Geç olmadan kıdem hakkımızı savunmaya!

Geçen sene bu zamanlarda Gerçek’in internet sitesinde “Sınıf saldırısı başladı: İlk hedef kıdem tazminatı!” başlıklı bir yazı yayınlamıştık. O dönem aynı zamanda hükümet cephesinden de çeşitli açıklamaların yapıldığı, hazırlıkların sinyallerinin verildiği dönemdi. Bazı sendikalar kıdem tazminatına yönelik bu taarruz başlangıcı karşısında yazılı açıklamalar yaptılar, bazıları çeşitli eylemler ve yürüyüşler düzenlediler. Hükümet, hazırlandığı bu sınıf saldırısının nasıl bir tepki ile karşılaşacağına dair bir nabız yoklaması yapmıştı. Ardından da işin mutfak kısmında çalışmalarına devam etmek üzere açıklama yapmayı bıraktı. Bugünlerde ise satır aralarında bazı haberler yer alıyor: “Yeni kıdem sistemi nasıl olacak?”, “Kıdem tazminatı düzenlemesinde son noktaya gelindi”…

Demek ki sermaye ve onun siyasi temsilcileri işçi sınıfının elinde kalan kazanımlarından en önemlisini de geri almak üzere bu süre zarfında çalışmaya devam etmiş, ekonomik kriz ve onunla birlikte sertleşecek sınıf mücadelelerine yönelik hazırlıklarını sürdürmüş. Tasarının çalışmaları içinde yer alan Gazi Üniversitesi öğretim üyesi Cem Kılıç, artık çalışmada son noktaya gelindiğini, yeni dönemde tasarının meclis gündemine geleceğini söyleyerek tasarının detaylarını açıkladı.

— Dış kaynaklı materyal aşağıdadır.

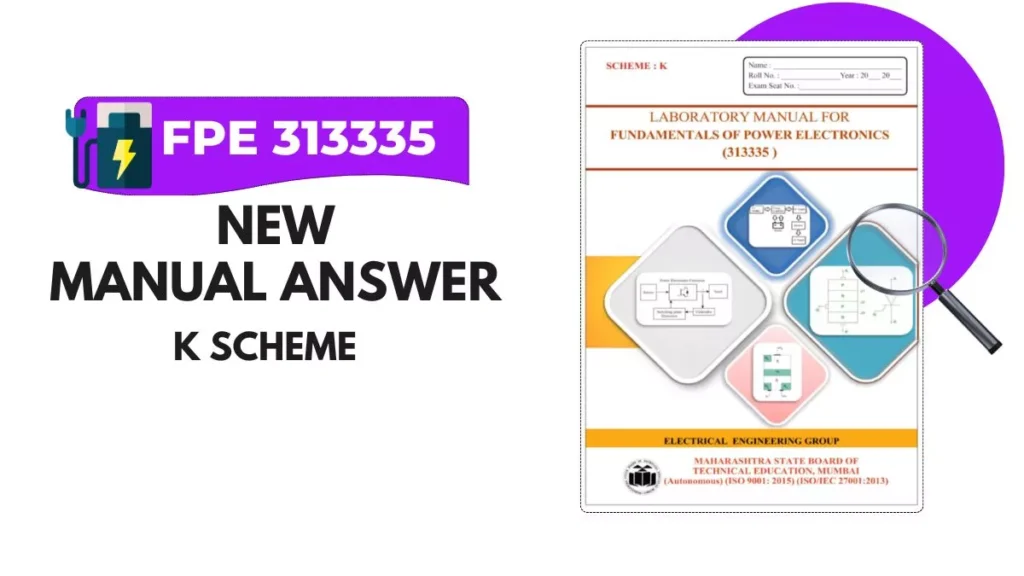 FPE 313335 Manual Answer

Tabii en başta dile getirdiği herhangi bir hak kaybının yaşanmayacağı, kanunun çıkacağı tarihe kadar olan kıdem haklarının korunacağı. Bu bir lütuf değil, yasal olarak olması gereken, kazanılmış bir hak olduğu için aksi mümkün olmayan bir uygulama.

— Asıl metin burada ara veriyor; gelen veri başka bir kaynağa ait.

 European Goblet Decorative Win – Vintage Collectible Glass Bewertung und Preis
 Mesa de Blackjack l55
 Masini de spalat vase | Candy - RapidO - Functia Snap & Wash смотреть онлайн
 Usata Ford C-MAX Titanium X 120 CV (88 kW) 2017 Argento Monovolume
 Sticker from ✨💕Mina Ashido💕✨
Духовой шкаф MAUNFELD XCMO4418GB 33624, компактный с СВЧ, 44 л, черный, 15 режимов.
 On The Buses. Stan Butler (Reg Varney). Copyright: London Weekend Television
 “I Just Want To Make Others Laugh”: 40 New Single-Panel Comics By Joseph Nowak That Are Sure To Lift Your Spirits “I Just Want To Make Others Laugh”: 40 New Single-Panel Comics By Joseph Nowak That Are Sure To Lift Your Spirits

Bugün bakanlık verilerine göre patronların haksız uygulamaları, “ödeme güçlükleri” gibi nedenlerle her 100 çalışandan sadece 7’sinin tazminat alabilmesine karşılık, kıdem tazminatının yeni yasa ile fona aktarılması sonucu herkesin tazminat alabilecek olmasını da yeni yasanın ne kadar faydalı olduğunu göstermek için öne sürüyorlar. Patronların haksız (biz söylemiyoruz, kendileri söylüyor) uygulamalarına, “ödeme güçlükleri”nden dolayı işçiye tazminatını vermemesine göz yuman bugüne kadar bakanlığın kendisidir. Şimdi sorumluluk kendisinde değil başkasındaymış da herkesin almasını sağlayacak bir çözüm getiriyormuş havalarına girmeleri ancak ikiyüzlülükleri ile açıklanabilir. Ama daha da önemlisi kıdem tazminatının esas anlamı başka türlü korunamayan iş güvencesini patrona ekonomik bir maliyet getirerek bir ölçüde sağlamaktır. İşçi sınıfı için yarattığı asıl tehlike, bu maliyetin patronların üzerinden alınarak bir fona aktarılmasının iş güvencesini bütünüyle imha edecek olmasıdır.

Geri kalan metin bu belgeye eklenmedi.